Haja paciência
Gonçalo Viana
Orfeu Negro
Esta é a história de um homem que vive dentro de um livro e que se cansou de contar histórias. Deve ser aqui que o leitor chega, ao mesmo tempo que se diverte com a imagem caricatural de um senhor baixo, dinâmico e excêntrico.
Enquanto se dirige ao leitor que supostamente espreita para dentro de sua casa (o livro) pelo buraco da fechadura, esta figura vai dissertando sobre a sua vida e desvendando espaços domésticos tão surpreendentes quanto o país das Maravilhas.
É através da ilustração marcadamente geométrica, imagem tão definida de Gonçalo Viana, com intersecções de objetos e padrões, que o leitor deve encontrar a fantasia que o texto sugere. Efetivamente é ali que chovem fios de balões ou peixes nadam em torno da cama do protagonista. A ilustração contextualiza um universo não realista, dá-lhe humor, atribui-lhe pormenores extraordinários, como o da rua erigida no lombo de um gato ou o da argamassa da casa vizinha ser composta por doce e não por cimento.
Quando se vive dentro de um livro tem-se vizinhos inusitados, como bruxas más ou mais ou menos. E pode acontecer que as personagens que encarnamos sejam conhecidas de todos: Pinóquio, Cinderela, Branca de Neve, Capuchinho Vermelho.
Porém, por muito que se reforce o pacto ficcional, falta ao texto o equilíbrio necessário entre o dito e o não dito para que a sua intenção se cumpra plenamente.

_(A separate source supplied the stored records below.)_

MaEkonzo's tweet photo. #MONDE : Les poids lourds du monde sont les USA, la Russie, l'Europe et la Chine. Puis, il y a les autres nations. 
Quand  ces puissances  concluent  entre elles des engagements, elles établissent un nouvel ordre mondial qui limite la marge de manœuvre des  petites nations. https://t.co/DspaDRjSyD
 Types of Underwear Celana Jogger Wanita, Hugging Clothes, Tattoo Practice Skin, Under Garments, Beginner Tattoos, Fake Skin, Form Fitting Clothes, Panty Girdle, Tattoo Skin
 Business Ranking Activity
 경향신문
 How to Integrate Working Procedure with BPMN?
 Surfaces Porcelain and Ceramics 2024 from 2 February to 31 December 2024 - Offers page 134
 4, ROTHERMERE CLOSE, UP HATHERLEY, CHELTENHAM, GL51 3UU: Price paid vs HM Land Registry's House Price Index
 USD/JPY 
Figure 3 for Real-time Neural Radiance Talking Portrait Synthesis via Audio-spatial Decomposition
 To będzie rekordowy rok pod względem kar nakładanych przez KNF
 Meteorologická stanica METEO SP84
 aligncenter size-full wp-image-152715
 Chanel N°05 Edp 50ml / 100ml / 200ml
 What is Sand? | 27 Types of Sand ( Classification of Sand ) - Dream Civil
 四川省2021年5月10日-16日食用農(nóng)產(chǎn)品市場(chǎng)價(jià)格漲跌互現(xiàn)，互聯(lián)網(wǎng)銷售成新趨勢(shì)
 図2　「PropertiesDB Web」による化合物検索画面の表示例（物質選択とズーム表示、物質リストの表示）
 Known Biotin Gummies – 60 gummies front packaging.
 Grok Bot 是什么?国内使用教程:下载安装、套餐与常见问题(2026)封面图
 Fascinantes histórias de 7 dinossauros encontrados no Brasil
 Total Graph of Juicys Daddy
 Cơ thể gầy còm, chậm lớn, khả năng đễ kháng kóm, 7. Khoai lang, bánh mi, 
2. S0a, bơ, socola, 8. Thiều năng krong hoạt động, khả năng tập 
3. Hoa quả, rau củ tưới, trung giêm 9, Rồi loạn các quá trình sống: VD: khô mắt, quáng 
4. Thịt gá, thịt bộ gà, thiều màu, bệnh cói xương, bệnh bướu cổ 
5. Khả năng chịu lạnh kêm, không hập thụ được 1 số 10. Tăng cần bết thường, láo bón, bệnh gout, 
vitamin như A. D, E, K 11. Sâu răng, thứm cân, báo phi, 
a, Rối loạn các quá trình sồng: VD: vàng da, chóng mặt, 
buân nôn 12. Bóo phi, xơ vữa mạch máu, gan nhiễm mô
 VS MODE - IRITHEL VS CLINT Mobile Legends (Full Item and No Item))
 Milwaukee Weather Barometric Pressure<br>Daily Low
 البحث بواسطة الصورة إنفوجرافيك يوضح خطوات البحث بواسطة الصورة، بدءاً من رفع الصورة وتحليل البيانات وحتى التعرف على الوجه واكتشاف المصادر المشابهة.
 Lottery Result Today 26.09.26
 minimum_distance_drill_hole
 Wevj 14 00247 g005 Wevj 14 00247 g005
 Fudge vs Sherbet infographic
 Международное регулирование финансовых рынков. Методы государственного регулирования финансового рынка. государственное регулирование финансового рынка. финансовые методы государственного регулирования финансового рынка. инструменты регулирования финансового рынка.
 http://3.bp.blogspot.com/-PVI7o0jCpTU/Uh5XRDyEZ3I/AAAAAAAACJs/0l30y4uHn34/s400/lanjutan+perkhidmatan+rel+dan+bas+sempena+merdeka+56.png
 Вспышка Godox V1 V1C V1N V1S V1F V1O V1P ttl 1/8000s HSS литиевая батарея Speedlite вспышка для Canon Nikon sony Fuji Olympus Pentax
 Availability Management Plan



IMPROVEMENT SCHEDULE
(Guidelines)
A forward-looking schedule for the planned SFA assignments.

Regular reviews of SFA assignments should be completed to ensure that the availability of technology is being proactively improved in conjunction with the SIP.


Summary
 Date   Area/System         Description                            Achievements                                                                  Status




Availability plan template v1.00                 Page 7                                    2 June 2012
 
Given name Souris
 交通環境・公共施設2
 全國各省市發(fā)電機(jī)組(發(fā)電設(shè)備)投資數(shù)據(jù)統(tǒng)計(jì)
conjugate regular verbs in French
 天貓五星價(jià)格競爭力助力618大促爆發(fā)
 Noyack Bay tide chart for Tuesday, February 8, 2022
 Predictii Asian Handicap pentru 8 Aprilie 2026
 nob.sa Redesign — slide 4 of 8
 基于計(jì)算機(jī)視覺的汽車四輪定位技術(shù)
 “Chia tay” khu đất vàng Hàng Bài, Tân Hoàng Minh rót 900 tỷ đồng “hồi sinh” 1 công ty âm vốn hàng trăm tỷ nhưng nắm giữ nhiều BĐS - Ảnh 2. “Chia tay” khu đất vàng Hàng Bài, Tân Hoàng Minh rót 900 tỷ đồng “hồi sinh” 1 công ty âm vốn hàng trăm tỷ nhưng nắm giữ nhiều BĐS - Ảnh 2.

O homem que se recusa a contar histórias está cansado de o fazer. Já contou muitas e repetidas. Queria viver num dicionário, lugar pacato, a seu ver, mas enganou-se. Estas duas informações provocam ruído: o homem mudou de livro, ou seja, de casa? E quando contava histórias e tinha de ser todas as personagens que refere, essas histórias estavam todas no livro onde vivia? E se pode viver num livro e não contar histórias, que casa é a sua?
Se o vazio do texto deve complementar-se com informações explícitas e implícitas, e que podem chegar através da ilustração, o facto é que neste caso o texto dá saltos demasiado grandes para que se deduza ou consiga inferir uma narrativa coerente.
A ilustração vibra, surpreende, eleva a narrativa, remete para referências diversas e universos que variam, como sempre acontece, de acordo com as experiências de cada leitor. Já o texto desequilibra a disposição narrativa, por tentar, em simultâneo, não dizer demais e ainda acrescentar humor. Apesar de o nonsense levar o referente para um lugar mais distante do que o humor mais literal, a narrativa a partir do qual se concebe está muito bem arquitetada, conseguindo até níveis de causalidade surpreendentes. Este álbum, pela intenção de problematizar a narração, podia seguir essa abordagem, não fora essa incompletude textual.